Today we must learn once more how to acknowledge guilt, we must shake off the illusion of being innocent. We must learn how to do penance, to let ourselves be transformed; to reach out to the other and to let God give us the courage and strength for this renewal. Today, in this world of ours, we need to rediscover the Sacrament of Penance and Reconciliation. The fact that it has largely disappeared from the daily life and habits of Christians is a symptom of a loss of truthfulness with regard both to ourselves and to God; a loss that endangers our humanity and diminishes our capacity for peace.

- Address to the Roman Curia, 21 December 2009
Having abandoned its sombre dress for a scintillating splendour, it is transfigured and becomes the messenger of a light that is not its own but bears witness to the true Light that comes into this world.

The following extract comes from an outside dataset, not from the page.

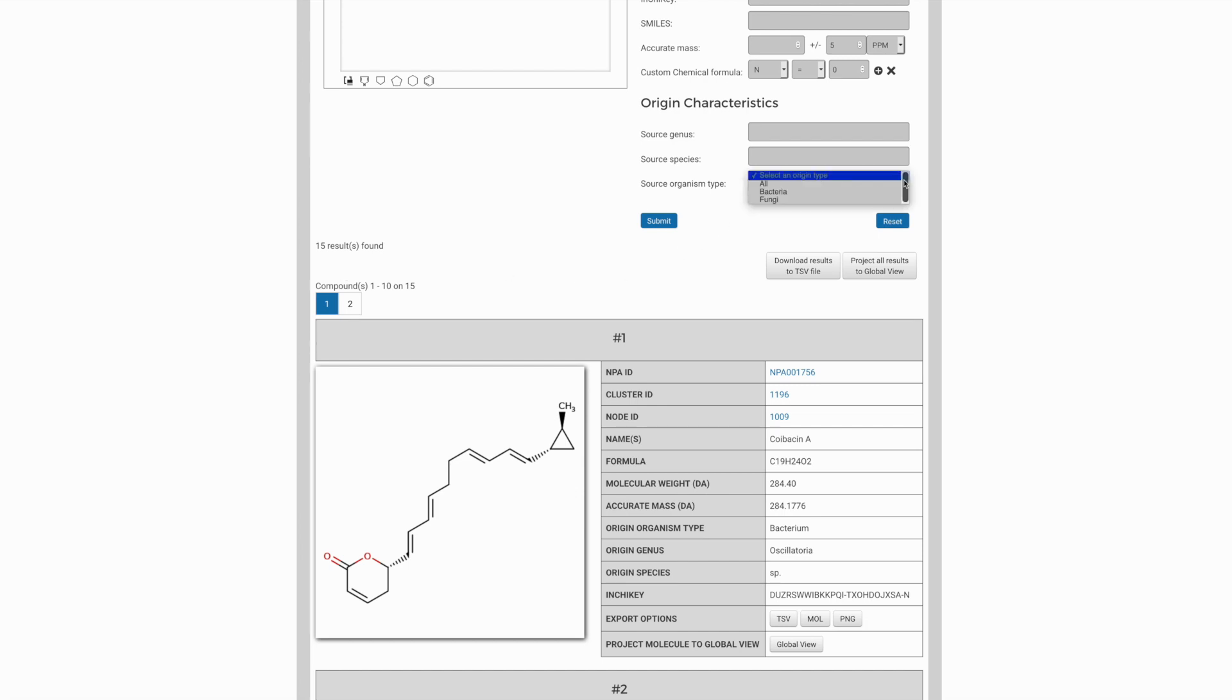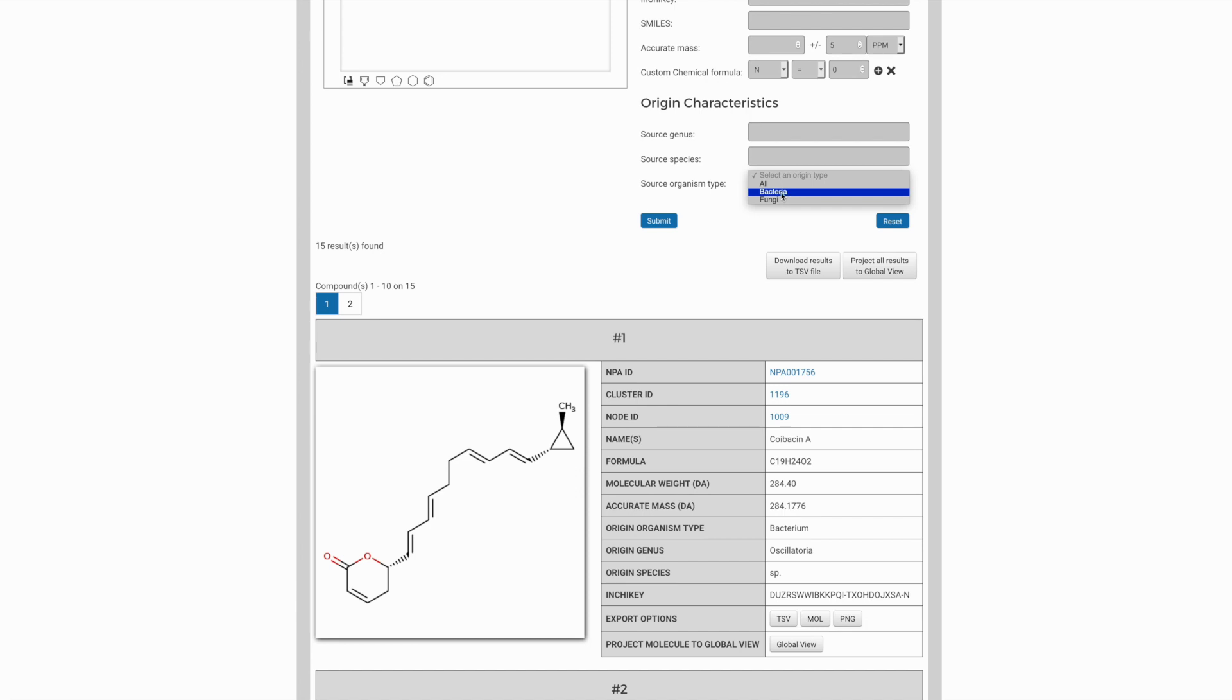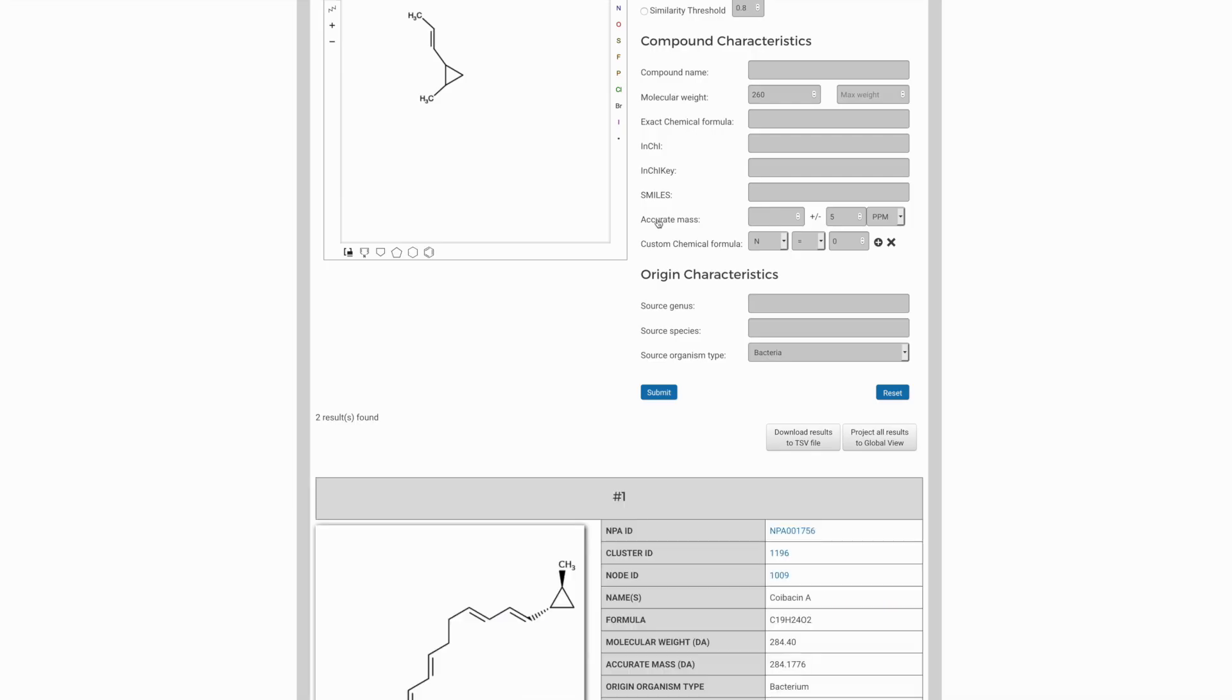In particular, you can use the source organism type filter. We found this to be a very effective way of cutting down the number of candidates very quickly. This cuts the data into chunks based on whether they are bacterial or fungal in origin. So if we choose bacteria as the source organism and resubmit this, the number of possible candidates has been reduced to only two.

- Address to Belgian Delegation, 18 December 2009
The Saints are a sign of that radical newness which the Son of God - with his Incarnation, death and Resurrection - grafted on to human nature. As outstanding witnesses of faith, they are not representatives of the past but rather constitute the present and future of the Church and of society. They have fully realized that caritas in veritate which is the supreme value of Christian life; they are like the facets of a prism which, in various nuances, reflect the one light who is Christ.